Elle ne vise donc pas la peine d'ITF prononcée en application de
l'ordonnance du 2 novembre 1945 relative à l'entrée et au
séjour des étrangers en France. Ce faisant, les auteurs de la
proposition de loi ont conscience de laisser de côté les nombreux
problèmes posés par la coexistence d'une voie administrative et
d'une voie judiciaire d'éloignement du territoire, de même que
ceux tenant à une définition particulièrement large de
l'atteinte à l'ordre public contenue dans les arrêtés
d'expulsion : le rapport de la commission de réflexion mise en
place par Mme Guigou en 1998 et Mme Chanet sur les peines d'interdiction du
territoire en faisait largement mention.
Néanmoins, il leur a semblé que les peines d'ITF prévues
dans le cadre de cette ordonnance relevaient d'une autre problématique
et exigeaient leur réexamen dans le cadre plus général
d'une réflexion sur la politique d'immigration que la France entend
mener et notamment la question de la pénalisation du séjour
irrégulier et la définition des catégories
protégées.
*
* *
La peine
d'interdiction du territoire français que le juge pénal peut
être amené à prononcer en sus de la condamnation
principale, n'est apparue que très récemment dans notre
droit : prévue par la loi du
30 décembre 1970 dans le
cadre strict d'infractions à la législation sur les
stupéfiants, elle n'a été sinon
généralisée, du moins largement étendue qu'à
l'occasion de la refonte du code pénal en 1992-93. Avec les dispositions
particulières prévues dans le code du travail ou dans des lois
particulières, ce sont aujourd'hui plus de 200 délits qui peuvent
être sanctionnés d'une peine d'interdiction du territoire
français.
Or, il faut bien admettre qu'à plus d'un titre cette peine
contrevient aux principes directeurs de notre droit pénal
:
1° La peine d'interdiction du territoire français est
discriminatoire
; elle heurte singulièrement le principe
d'égalité devant la loi pénale en créant une peine
sans lien direct avec l'infraction elle-même
: l'ITF est en
effet prononcée du seul fait de la nationalité de celui qui l'a
commise, et ne peut donc être raccrochée à l'infraction.

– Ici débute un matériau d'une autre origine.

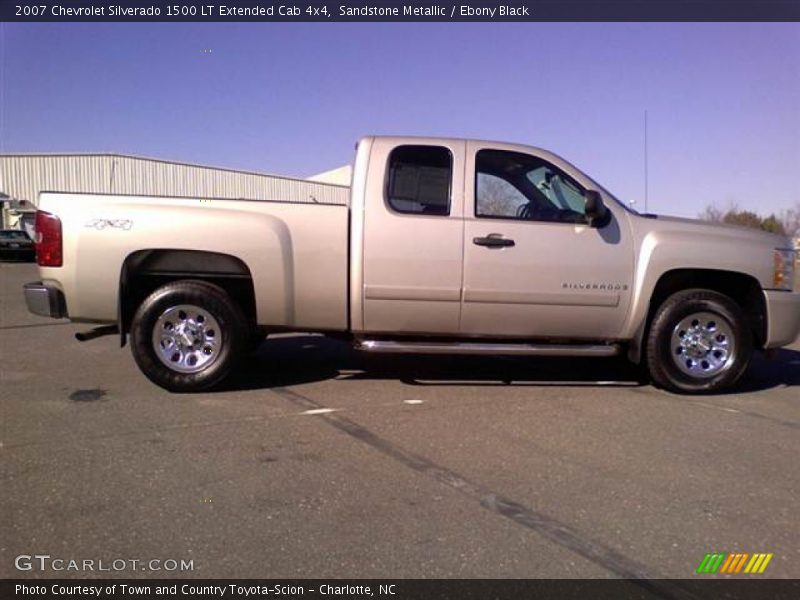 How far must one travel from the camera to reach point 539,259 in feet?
19.7

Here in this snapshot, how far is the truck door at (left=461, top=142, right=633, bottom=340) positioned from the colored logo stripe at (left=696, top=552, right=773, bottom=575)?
117 inches

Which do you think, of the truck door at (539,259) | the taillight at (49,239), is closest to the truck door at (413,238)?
the truck door at (539,259)

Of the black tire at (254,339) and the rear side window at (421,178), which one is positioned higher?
the rear side window at (421,178)

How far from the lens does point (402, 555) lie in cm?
324

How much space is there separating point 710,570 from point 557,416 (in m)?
2.38

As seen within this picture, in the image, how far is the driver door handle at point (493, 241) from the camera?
19.5ft

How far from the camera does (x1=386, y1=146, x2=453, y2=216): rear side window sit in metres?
6.02

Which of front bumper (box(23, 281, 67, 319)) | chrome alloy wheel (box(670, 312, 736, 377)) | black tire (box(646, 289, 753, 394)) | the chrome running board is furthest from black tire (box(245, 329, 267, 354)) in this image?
chrome alloy wheel (box(670, 312, 736, 377))

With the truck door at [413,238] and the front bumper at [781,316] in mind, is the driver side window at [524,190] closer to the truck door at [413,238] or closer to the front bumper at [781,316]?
the truck door at [413,238]

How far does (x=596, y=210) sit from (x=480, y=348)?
1505mm

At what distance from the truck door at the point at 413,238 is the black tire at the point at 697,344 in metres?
1.82

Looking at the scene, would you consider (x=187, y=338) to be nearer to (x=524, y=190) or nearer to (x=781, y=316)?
(x=524, y=190) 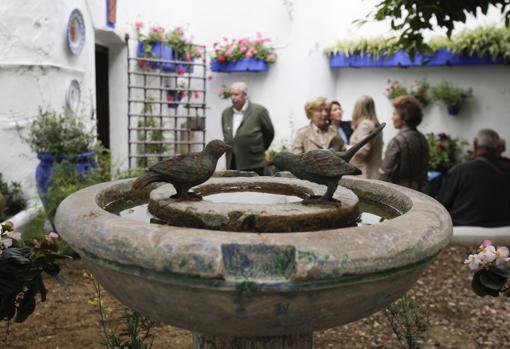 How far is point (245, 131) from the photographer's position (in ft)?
19.5

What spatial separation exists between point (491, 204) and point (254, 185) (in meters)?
3.64

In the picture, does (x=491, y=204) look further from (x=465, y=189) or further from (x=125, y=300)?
(x=125, y=300)

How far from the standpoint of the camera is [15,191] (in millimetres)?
5398

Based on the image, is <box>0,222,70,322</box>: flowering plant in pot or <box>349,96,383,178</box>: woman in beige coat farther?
<box>349,96,383,178</box>: woman in beige coat

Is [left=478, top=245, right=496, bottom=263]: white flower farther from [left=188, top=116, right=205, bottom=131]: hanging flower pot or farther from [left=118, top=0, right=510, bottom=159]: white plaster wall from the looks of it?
[left=188, top=116, right=205, bottom=131]: hanging flower pot

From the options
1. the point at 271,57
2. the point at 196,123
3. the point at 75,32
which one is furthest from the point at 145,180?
the point at 271,57

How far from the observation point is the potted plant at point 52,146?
5.17 m

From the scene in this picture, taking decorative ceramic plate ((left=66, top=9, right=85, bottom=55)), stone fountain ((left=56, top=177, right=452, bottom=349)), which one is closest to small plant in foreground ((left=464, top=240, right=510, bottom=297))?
stone fountain ((left=56, top=177, right=452, bottom=349))

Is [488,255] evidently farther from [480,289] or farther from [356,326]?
[356,326]

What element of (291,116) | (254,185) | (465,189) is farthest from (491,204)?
(291,116)

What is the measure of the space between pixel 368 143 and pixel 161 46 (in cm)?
475

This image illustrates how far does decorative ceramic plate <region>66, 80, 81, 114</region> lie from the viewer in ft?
19.9

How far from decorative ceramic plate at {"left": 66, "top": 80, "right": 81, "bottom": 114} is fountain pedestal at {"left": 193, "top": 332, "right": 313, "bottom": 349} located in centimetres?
457

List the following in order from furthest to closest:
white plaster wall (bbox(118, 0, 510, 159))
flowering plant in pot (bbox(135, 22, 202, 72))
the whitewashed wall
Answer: flowering plant in pot (bbox(135, 22, 202, 72))
white plaster wall (bbox(118, 0, 510, 159))
the whitewashed wall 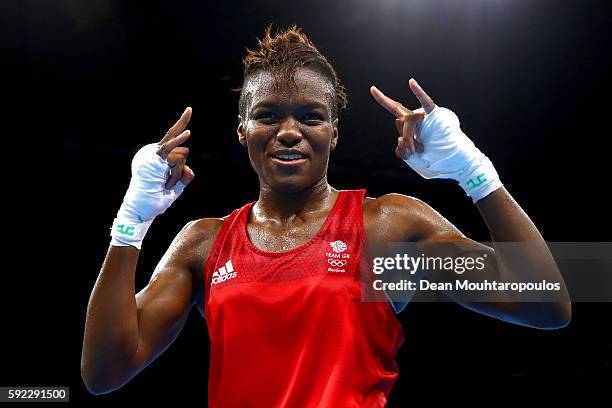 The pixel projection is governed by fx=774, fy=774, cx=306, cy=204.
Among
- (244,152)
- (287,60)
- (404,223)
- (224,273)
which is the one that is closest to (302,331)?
(224,273)

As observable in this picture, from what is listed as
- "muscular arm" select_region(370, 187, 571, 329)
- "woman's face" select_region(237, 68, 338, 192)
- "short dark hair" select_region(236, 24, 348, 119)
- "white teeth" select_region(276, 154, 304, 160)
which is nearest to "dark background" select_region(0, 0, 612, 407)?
"short dark hair" select_region(236, 24, 348, 119)

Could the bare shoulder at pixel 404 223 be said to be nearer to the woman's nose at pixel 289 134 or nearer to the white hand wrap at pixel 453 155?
the white hand wrap at pixel 453 155

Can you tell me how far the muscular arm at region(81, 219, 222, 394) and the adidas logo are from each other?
108 millimetres

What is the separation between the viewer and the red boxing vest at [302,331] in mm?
1924

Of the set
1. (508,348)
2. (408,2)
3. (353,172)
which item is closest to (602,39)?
(408,2)

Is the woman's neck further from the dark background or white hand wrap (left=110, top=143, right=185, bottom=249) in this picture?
the dark background

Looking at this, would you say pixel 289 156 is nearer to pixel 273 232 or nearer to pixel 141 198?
pixel 273 232

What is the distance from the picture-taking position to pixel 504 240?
6.17 ft

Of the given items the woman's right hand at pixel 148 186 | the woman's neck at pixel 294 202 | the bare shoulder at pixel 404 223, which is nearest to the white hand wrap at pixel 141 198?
the woman's right hand at pixel 148 186

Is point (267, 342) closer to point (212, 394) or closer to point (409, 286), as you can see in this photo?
point (212, 394)

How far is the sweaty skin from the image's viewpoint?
76.2 inches

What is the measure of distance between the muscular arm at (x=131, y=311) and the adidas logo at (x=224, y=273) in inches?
4.2

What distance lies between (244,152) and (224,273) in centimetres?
351

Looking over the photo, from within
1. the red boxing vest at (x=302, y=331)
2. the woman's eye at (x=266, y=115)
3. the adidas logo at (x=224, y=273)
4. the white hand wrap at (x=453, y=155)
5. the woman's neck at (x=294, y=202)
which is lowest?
the red boxing vest at (x=302, y=331) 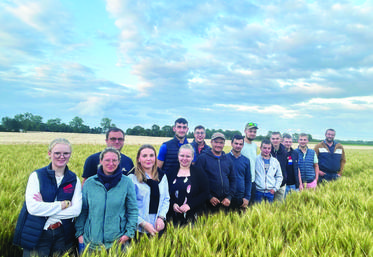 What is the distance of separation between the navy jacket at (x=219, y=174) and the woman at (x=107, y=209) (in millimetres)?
1854

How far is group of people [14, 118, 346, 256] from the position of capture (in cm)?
283

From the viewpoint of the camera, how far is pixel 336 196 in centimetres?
493

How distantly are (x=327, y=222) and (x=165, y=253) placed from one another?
2.56 metres

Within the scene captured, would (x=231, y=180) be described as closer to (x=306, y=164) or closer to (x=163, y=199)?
(x=163, y=199)

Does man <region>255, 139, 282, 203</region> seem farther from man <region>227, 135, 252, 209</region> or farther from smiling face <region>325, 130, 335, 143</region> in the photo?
smiling face <region>325, 130, 335, 143</region>

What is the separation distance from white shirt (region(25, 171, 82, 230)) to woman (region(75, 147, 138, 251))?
0.39 feet

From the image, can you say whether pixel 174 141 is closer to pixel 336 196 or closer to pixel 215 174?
pixel 215 174

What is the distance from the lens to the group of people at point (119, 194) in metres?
2.83

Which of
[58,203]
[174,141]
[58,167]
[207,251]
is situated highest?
[174,141]

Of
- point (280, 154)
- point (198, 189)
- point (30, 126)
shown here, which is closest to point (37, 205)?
point (198, 189)

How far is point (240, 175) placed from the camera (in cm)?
504

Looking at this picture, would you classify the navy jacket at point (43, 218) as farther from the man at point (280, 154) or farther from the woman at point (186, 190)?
the man at point (280, 154)

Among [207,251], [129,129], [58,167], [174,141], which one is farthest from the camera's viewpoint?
[129,129]

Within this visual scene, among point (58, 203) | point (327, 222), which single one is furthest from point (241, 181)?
point (58, 203) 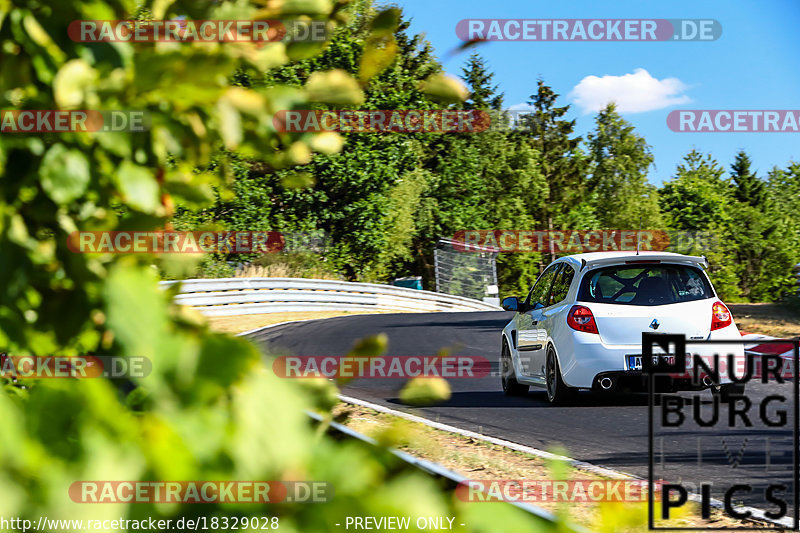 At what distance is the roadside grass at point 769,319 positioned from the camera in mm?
19312

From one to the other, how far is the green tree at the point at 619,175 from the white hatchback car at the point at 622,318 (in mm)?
60065

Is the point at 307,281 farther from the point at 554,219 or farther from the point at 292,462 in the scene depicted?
the point at 554,219

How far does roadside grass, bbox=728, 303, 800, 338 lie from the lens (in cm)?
1931

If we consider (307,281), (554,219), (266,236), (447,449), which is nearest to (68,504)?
(447,449)

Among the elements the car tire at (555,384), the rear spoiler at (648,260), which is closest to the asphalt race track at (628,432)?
the car tire at (555,384)

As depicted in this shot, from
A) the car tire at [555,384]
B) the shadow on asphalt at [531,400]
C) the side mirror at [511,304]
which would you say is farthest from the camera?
the side mirror at [511,304]

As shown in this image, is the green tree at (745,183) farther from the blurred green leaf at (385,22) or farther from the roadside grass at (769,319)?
the blurred green leaf at (385,22)

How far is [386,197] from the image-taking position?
37.7 meters

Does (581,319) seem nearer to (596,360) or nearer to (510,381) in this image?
(596,360)

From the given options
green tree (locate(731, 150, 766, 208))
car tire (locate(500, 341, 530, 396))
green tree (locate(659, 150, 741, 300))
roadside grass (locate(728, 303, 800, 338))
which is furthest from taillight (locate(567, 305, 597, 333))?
green tree (locate(731, 150, 766, 208))

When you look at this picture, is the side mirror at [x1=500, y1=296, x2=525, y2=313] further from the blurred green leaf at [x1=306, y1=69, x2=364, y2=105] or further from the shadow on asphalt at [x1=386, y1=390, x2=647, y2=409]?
the blurred green leaf at [x1=306, y1=69, x2=364, y2=105]

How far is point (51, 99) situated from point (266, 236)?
3392 centimetres

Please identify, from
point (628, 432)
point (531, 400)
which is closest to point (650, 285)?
point (531, 400)

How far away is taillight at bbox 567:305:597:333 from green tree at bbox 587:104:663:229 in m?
60.5
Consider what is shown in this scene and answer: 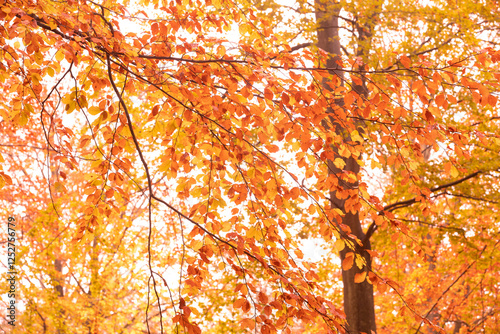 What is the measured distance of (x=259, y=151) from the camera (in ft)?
9.30

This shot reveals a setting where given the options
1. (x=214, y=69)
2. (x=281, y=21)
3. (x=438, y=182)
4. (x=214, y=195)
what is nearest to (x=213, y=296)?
(x=438, y=182)

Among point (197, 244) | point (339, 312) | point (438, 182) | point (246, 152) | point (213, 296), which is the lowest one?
point (339, 312)

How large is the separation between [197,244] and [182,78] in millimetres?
1034

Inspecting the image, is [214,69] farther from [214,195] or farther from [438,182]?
[438,182]

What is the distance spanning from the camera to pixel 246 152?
2.66 metres

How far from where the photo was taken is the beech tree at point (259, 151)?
242cm

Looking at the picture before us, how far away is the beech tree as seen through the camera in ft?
7.94

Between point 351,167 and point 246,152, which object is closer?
point 246,152

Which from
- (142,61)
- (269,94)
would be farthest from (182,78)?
(269,94)

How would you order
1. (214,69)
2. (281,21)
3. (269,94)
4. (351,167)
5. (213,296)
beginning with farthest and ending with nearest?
(213,296), (281,21), (351,167), (214,69), (269,94)

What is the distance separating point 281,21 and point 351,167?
110 inches

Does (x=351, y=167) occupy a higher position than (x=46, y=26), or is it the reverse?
(x=351, y=167)

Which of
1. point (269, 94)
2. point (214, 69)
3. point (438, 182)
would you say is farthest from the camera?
point (438, 182)

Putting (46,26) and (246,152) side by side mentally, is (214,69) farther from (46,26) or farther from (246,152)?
(46,26) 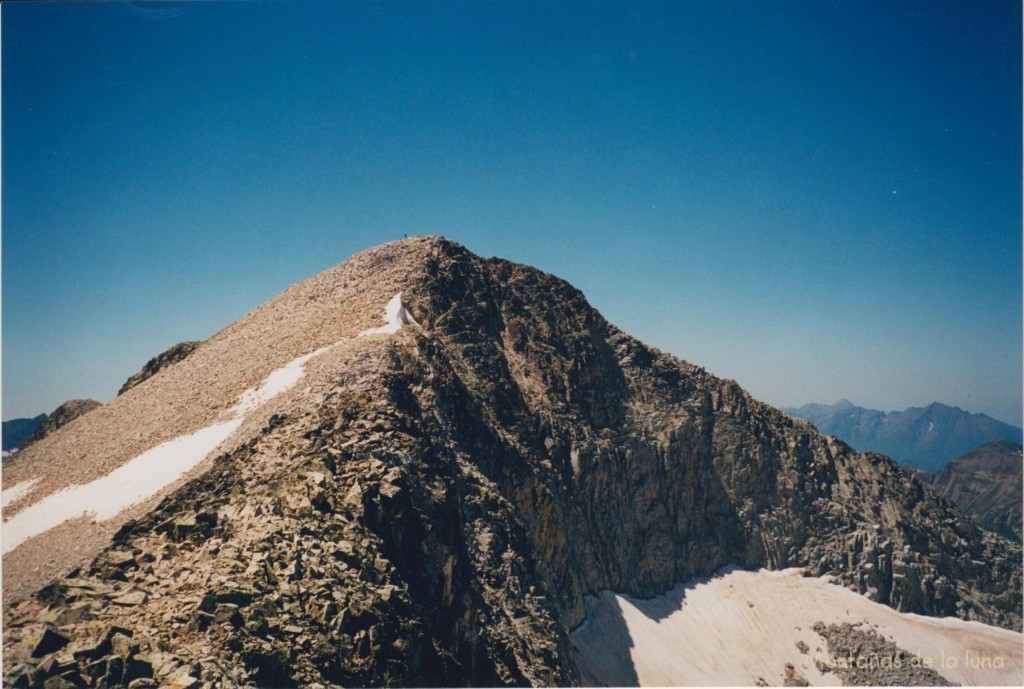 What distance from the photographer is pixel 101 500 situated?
29.0 meters

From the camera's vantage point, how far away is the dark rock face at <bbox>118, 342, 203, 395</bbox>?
58.7 m

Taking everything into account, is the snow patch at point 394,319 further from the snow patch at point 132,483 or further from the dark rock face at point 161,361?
the dark rock face at point 161,361

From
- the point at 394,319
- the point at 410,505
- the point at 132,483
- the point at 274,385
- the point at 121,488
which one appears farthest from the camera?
the point at 394,319

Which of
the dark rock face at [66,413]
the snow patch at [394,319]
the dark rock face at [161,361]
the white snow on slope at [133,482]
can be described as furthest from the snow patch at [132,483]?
the dark rock face at [66,413]

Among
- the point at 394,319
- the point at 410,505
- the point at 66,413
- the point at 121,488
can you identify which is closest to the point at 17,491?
the point at 121,488

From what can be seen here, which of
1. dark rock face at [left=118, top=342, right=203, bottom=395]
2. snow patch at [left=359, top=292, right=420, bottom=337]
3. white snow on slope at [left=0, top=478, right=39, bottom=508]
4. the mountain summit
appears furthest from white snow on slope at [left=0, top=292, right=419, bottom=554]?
dark rock face at [left=118, top=342, right=203, bottom=395]

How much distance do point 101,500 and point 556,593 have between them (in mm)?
31471

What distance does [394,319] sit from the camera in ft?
139

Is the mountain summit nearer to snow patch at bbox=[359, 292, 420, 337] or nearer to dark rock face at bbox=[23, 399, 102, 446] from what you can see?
snow patch at bbox=[359, 292, 420, 337]

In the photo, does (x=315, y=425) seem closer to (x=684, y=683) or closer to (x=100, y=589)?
(x=100, y=589)

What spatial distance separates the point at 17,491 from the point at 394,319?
2470 cm

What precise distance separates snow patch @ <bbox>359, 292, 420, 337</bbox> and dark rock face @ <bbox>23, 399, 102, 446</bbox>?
4089 centimetres

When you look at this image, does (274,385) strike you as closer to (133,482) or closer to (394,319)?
(133,482)

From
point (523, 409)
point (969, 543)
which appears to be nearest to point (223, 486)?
point (523, 409) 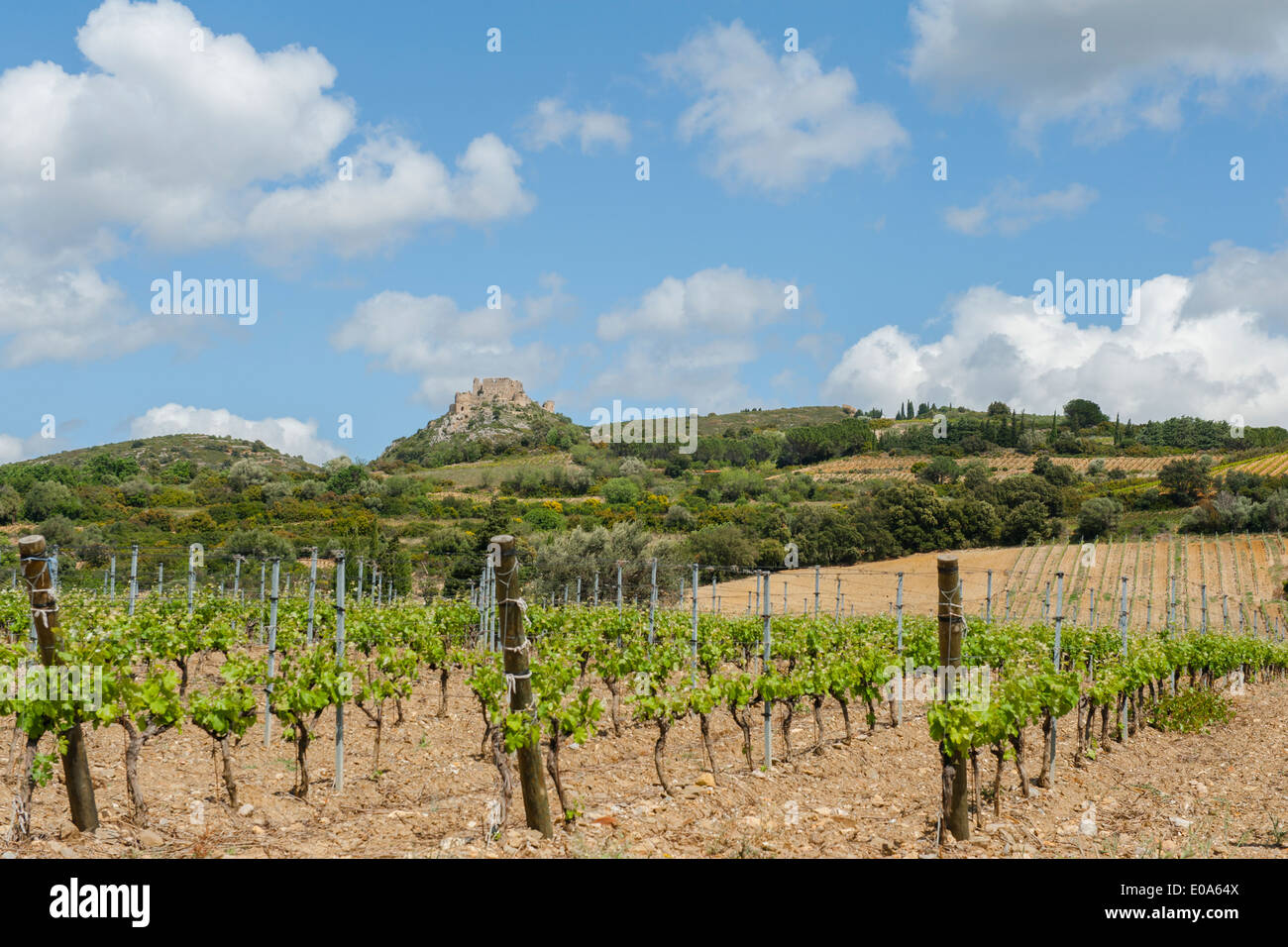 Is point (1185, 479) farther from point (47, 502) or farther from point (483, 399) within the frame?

En ce sens, il semble difficile de l'assimiler à une peine
complémentaire laquelle se rapporte au délit commis : tel
est le cas de la suspension du permis conduire, prononcée pour
sanctionner, à titre complémentaire, le délit
d'excès de vitesse ou de l'injonction de soins qui peut être
imposée à l'usager de stupéfiants. A l'inverse, on serait
bien en mal de définir ce que l'interdiction du territoire a pour objet
de sanctionner.
Si l'on veut que le principe d'égalité devant la loi
pénale soit pleinement respecté
, il doit être admis que
les français et les étrangers encourent les mêmes peines
pour les mêmes infractions.
2° La discrimination créée par la peine d'ITF est
poussée à son paroxysme lorsqu'on s'attache à ses
conséquences, qui vont jusqu'à
contredire le principe de
personnalisation des peines
.
En effet, en même temps qu'elle exclut les peines alternatives (travail
d'intérêt général, sursis mise à
l'épreuve ou bracelet électronique), le prononcé d'une
peine d'interdiction du territoire français rend impossible les mesures
d'aménagement de la peine : ni régime de semi-liberté, ni
libération conditionnelle ou permission de sortie ne pourront être
octroyés à ce détenu-interdit du territoire, quel que soit
son comportement en prison.
Au-delà, le détenu condamné à une peine d'ITF ne
bénéficie ni du droit au travail, ni du droit à une
formation professionnelle au motif de sa situation irrégulière au
regard du droit au séjour.
Dès lors, c'est le
sens même de la peine
qui se trouve
singulièrement dilué avec l'ITF
en effaçant l'objectif
de réinsertion sociale, que notre société tend pourtant
à mettre au coeur de la peine de prison : elle ne permet ni
d'orienter le temps carcéral autour d'un projet social, ni de prendre en
compte le parcours personnel du détenu puisque la peine est
prononcée en amont de la peine de prison, ni de préparer un
retour à la société rendu quasiment impossible à la
sortie de prison : ainsi dépourvu de sa fonction d'amendement et de
reclassement, l'emprisonnement devient plus difficilement toléré.
3° Enfin,
les conséquences
de la peine d'interdiction du
territoire français apparaissent particulièrement extrêmes
lorsque, on l'a déjà évoqué, les liens familiaux et
privés avec la France sont anciens et forts.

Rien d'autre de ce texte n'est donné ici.